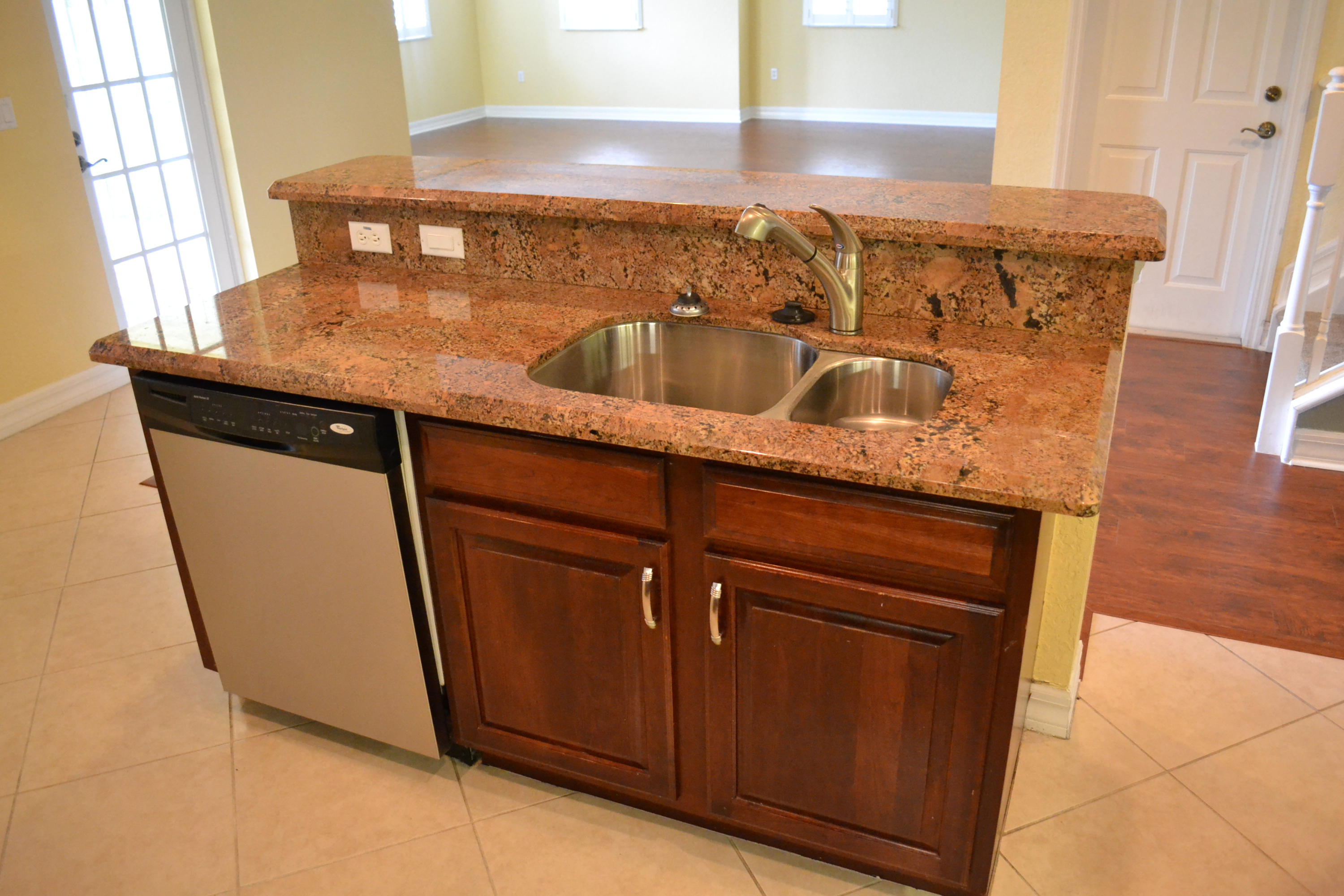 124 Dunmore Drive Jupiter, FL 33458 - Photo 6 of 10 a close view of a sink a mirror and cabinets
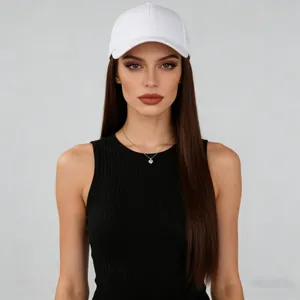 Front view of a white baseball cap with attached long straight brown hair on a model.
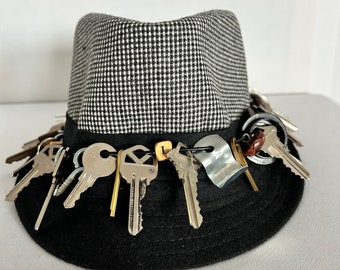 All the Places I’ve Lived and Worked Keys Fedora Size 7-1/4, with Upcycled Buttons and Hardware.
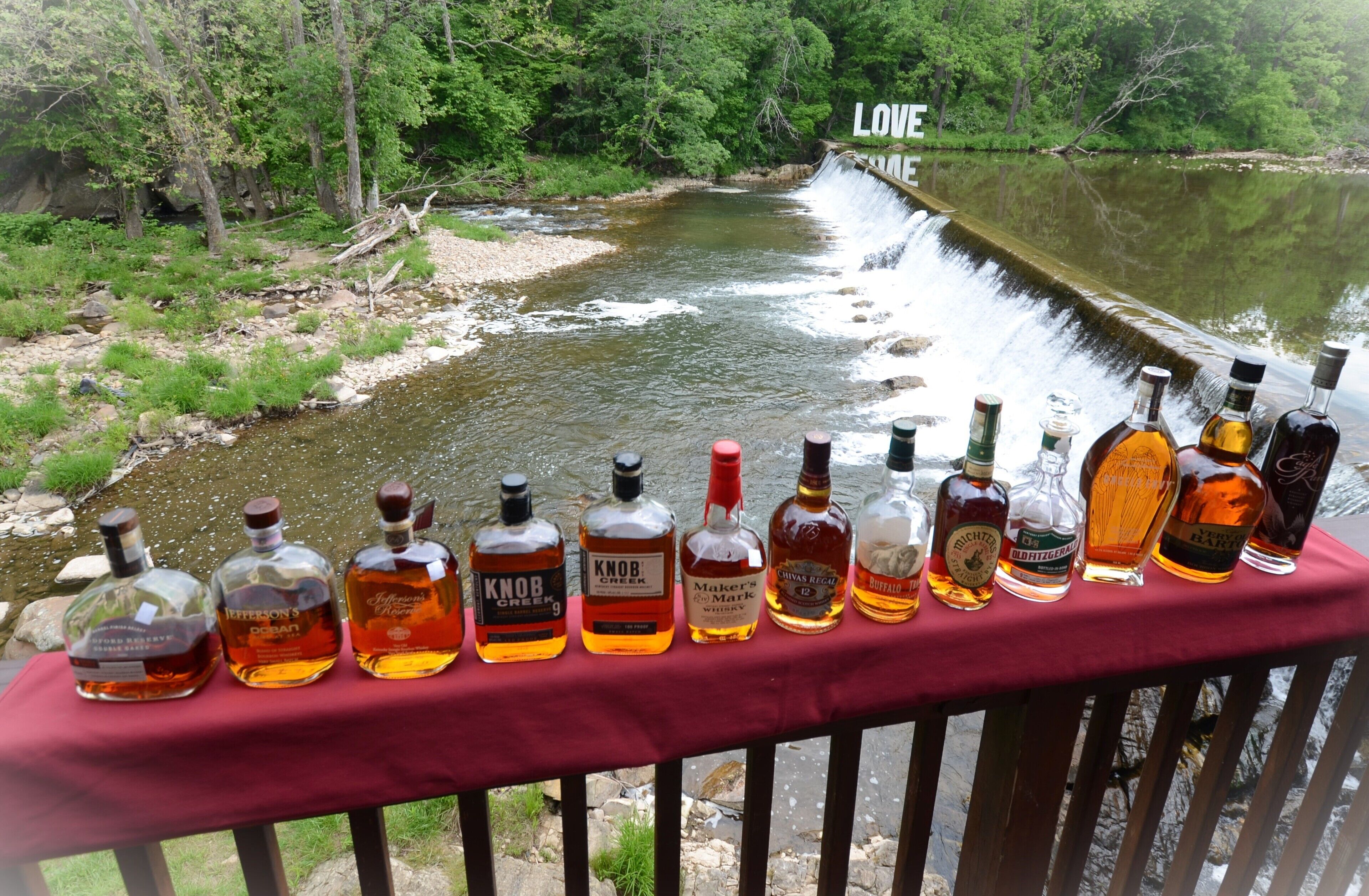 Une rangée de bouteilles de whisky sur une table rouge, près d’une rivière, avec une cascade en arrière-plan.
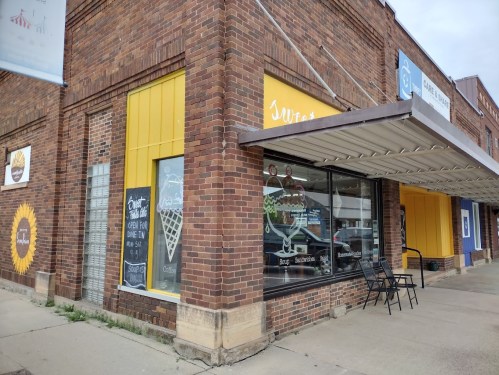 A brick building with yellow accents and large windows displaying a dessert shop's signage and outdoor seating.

◇ ◇ ◇ ◇

(What you need to do):
Print all the material above exactly, and drop the images.

(Exercise result):
 124 Dunmore Drive Jupiter, FL 33458 - Photo 6 of 10 a close view of a sink a mirror and cabinets
 Front view of a white baseball cap with attached long straight brown hair on a model.
 All the Places I’ve Lived and Worked Keys Fedora Size 7-1/4, with Upcycled Buttons and Hardware.
 Une rangée de bouteilles de whisky sur une table rouge, près d’une rivière, avec une cascade en arrière-plan.
 A brick building with yellow accents and large windows displaying a dessert shop's signage and outdoor seating.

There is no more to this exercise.